Today this moment now in all moments now I am alive! I am blissful!

No striving, no accomplishing, just simply the I AM as me being me!

I am SO happy! I feel in love with love itself and I feel loved back! Like the greatest unconditional, unshakeable love one could ever know and experience. I am supported and loved beyond measure, I have always been, and will always be! I feel the love of Source coursing through me and flowing as me, through me, all is me and all is LOVE!

Once in my twenties following a big abrupt change in my life I threw up my hands in the air and handed over the burden of what I had no answers for, not knowing to whom or what I was handing it over to, and I said “I give up! I surrender!”

I laid back in the hammock by the little creek that bordered my then home, and thought “I don’t know how to think, how to feel, what to do, what it means to love or be loved anymore, I have done all I can that I used to think was best, and my life still isn’t unfolding the way I expected it to, so I SURRENDER!”

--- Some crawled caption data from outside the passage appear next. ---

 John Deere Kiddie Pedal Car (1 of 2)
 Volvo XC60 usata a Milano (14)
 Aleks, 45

In that second I was taken, rather flown or transported, beyond the container of the then me, beyond what I had known before, beyond what others had told me life was all about. In that moment that transcended time and space, in that nanosecond that touched eternity, I, not as a body or personality anymore but the expanded consciousness unified me, merged with the greatest Love I have ever known and the Knowing bubbled up within me as “Ah” and “Awe” and “Bliss” and “Oneness.” I felt one with the stars, one with all, one with that which has no words, just a welcoming embrace of comfort, love, security—deeply, eternally, richly, embraced in a cosmic blissful sea—just this, only this, is all there is, there is no loss, no lack, no time, no limitation, no anything but this—great, great, eternal LOVE.

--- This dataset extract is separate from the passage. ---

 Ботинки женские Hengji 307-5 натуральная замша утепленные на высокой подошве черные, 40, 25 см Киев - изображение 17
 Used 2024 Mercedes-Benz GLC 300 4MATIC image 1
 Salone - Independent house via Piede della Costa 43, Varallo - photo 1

I came back a bit startled, a bit amazed, totally relieved, totally excited, and from that day on I knew this was my truth, the eternal truth of All That Is, and yet so much more than I would ever know as me. It felt in the strangest of ways that it was still me just a really really big me beyond all ideas of separation beyond what my current imagination and constructs could hold. But it felt also that no matter what I choose while playing in this body, I could not be lost, forgotten, or left out or left behind, ever, and instantly I knew no matter what I choose, I can not get this life-in-a-human-body-thing wrong. I understood Source was waiting for me (and all beings) always, but beyond waiting, it just was and is, eternally accessible, eternally loving, eternal beingness, eternal love. And though it remained a part of me like a distant memory or dream, it escaped me again just as easily as it had come, it remained apart from me for days, weeks and years on end. Though I always hoped I would return to this place of pure knowing, pure love, pure Isness, in my seeking it remained sought, just beyond my reach. I would touch the hem of its radiance and it would draw me in, and I would melt joyfully into its arms of grace. But it, or rather I, would retreat again into the realms where doubt and fear and beliefs of separation would keep me from its tenderness—its infinite pool of Love, of Trust, of Knowing, of pure Isness and Grace.

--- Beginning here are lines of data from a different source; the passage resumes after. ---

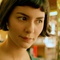 audrey tautou au cafe des deux moulins - Le fabuleux destin d'Amélie Poulain 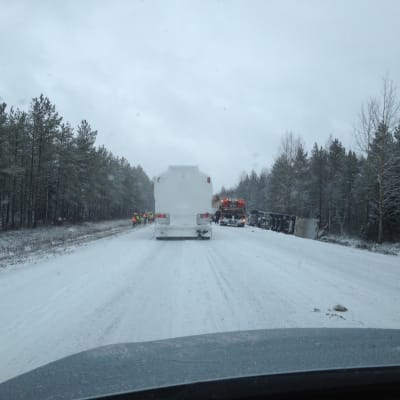 En trafikolycka blockerar just nu trafiken på riksväg åtta mellan Ytterjeppo och Kovjoki i Nykarleby.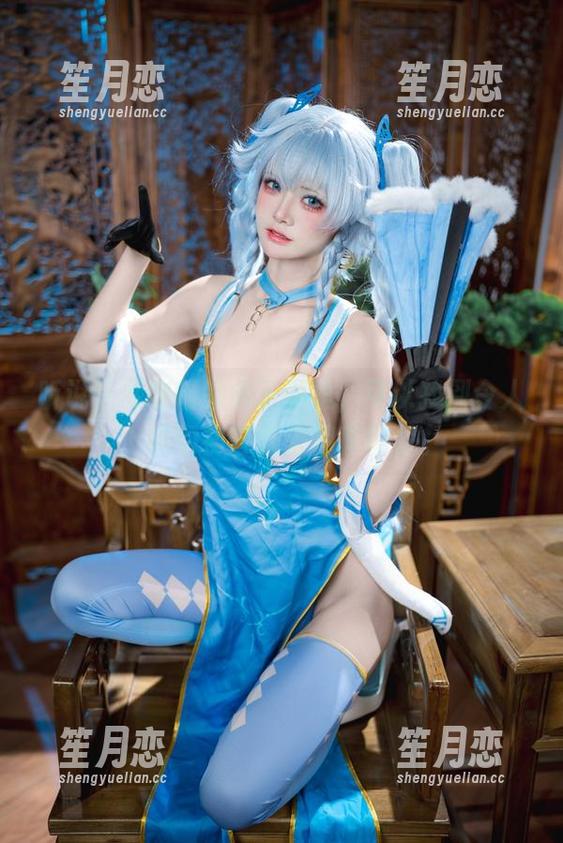 听说在九柒喵的兔子洞里，可以找到令人上瘾的初音未来写真图包。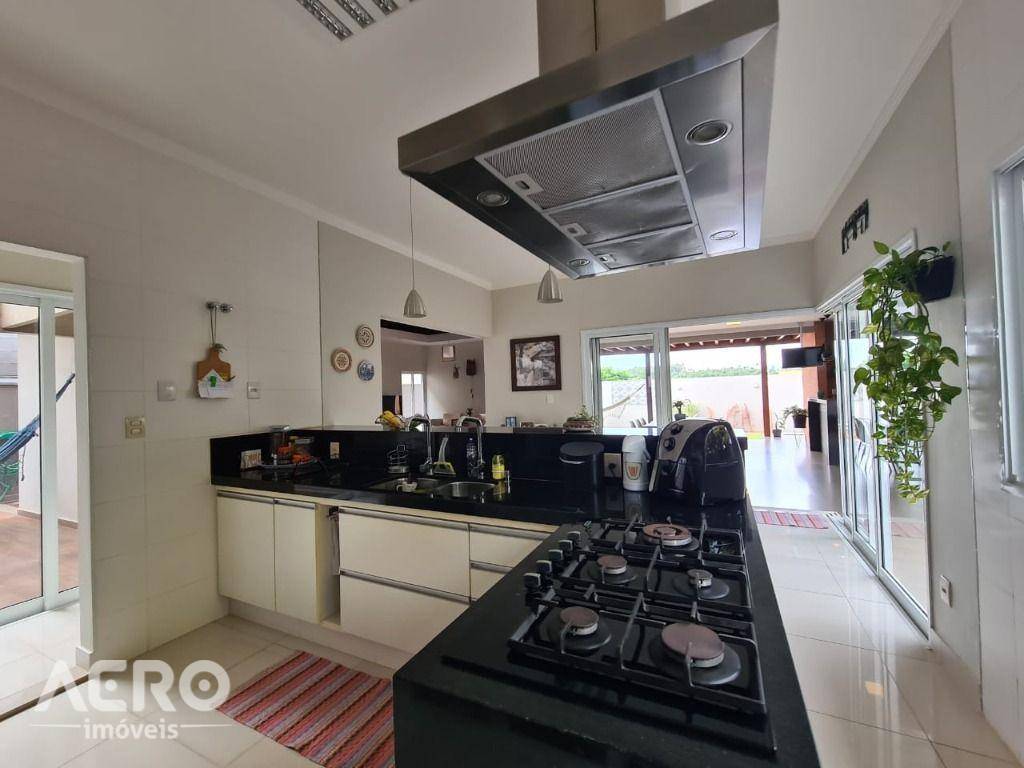 Casa de Condomínio à venda com 3 quartos, 330m² - Foto 24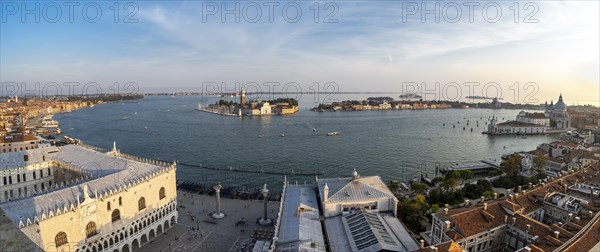 Panorama, evening mood, Doge's Palace and St Mark's Square, Isola di San Giorgio Maggiore with San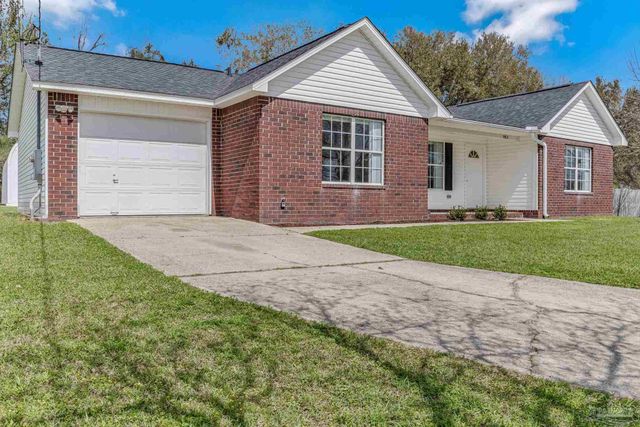 902 Heathrow Dr, Cantonment, FL 32533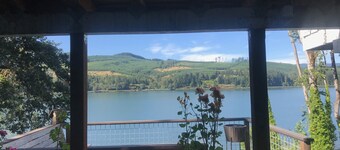 Lake Front - incredible views of Dexter Lake and only 22 minutes to U of O!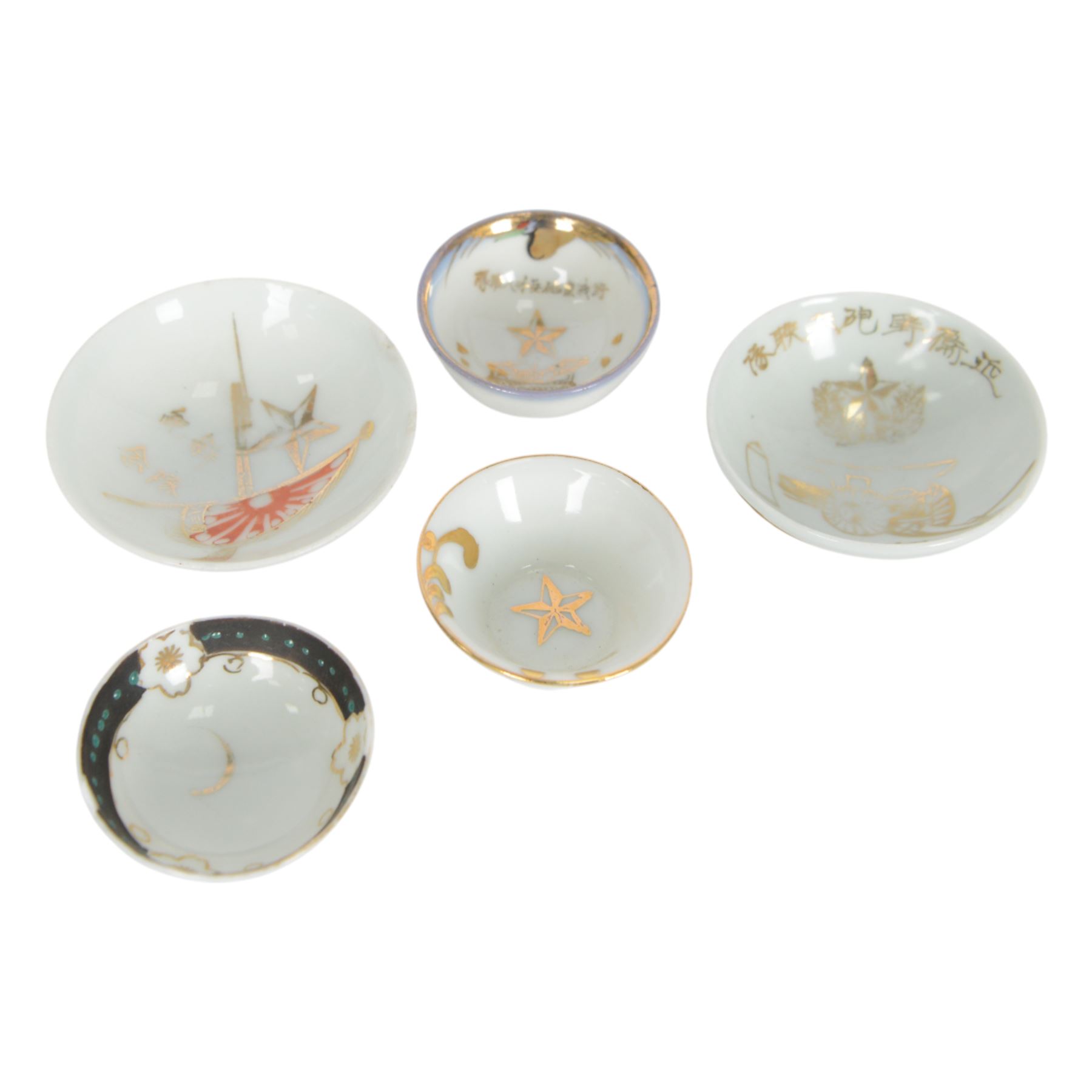 Five red lacquered saki bowls, together with five porcelain examples, red lacquered D9cm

For the first time yesterday I felt of glimpse of Oneness return not as an outside concept anymore, a place to escape to, a place to try to reach again to find relief and solutions from the life experiences of chaos and drama, of sadness and loss. I have practiced and practiced to fine-tune my thoughts, master my emotions, contribute vibrationally only to that which I want to see more of in the world, in my world and the one we share. I have practiced so! I have learned so! I have come to know how to access bliss upon choosing my thoughts and focus, and I have come to know the power and the beauty that such a practice yields. Words are so inadequate to describe shades and nuances of bliss! Always it felt as though I was leaving the little me and joining a field beyond what is, yet paradoxically, through, what is. Yesterday to my great joy, through heart-spilled-over-into-eyes tears of love and compassion and grace, I felt Source/Love/Life/Oneness coming to and through ME, rather than me dissolving into Her. I felt Source breathing me, enveloping me and merging completely with me and all here, in this place of breath, earth, rock, tree, water and sky.

Today I am at home as never before, supported, uplifted, eyes still brimming with tears of great love, great awe and great joy. I am home as never before. I am I AM and I AM is me and I AM HOME, never to leave, never to be left again, all is and all is Love, all is always well, for nothing else exists. This I Know, and this Knowing is me. And to this Knowing I surrender wholeheartedly, dissolving into the Now, again and again, knowing more is always yet to be known, to be loved, to be felt within each breath, within each cell, within each cosmos of the great unknown. In my awe and humbleness I am grateful, grateful beyond words.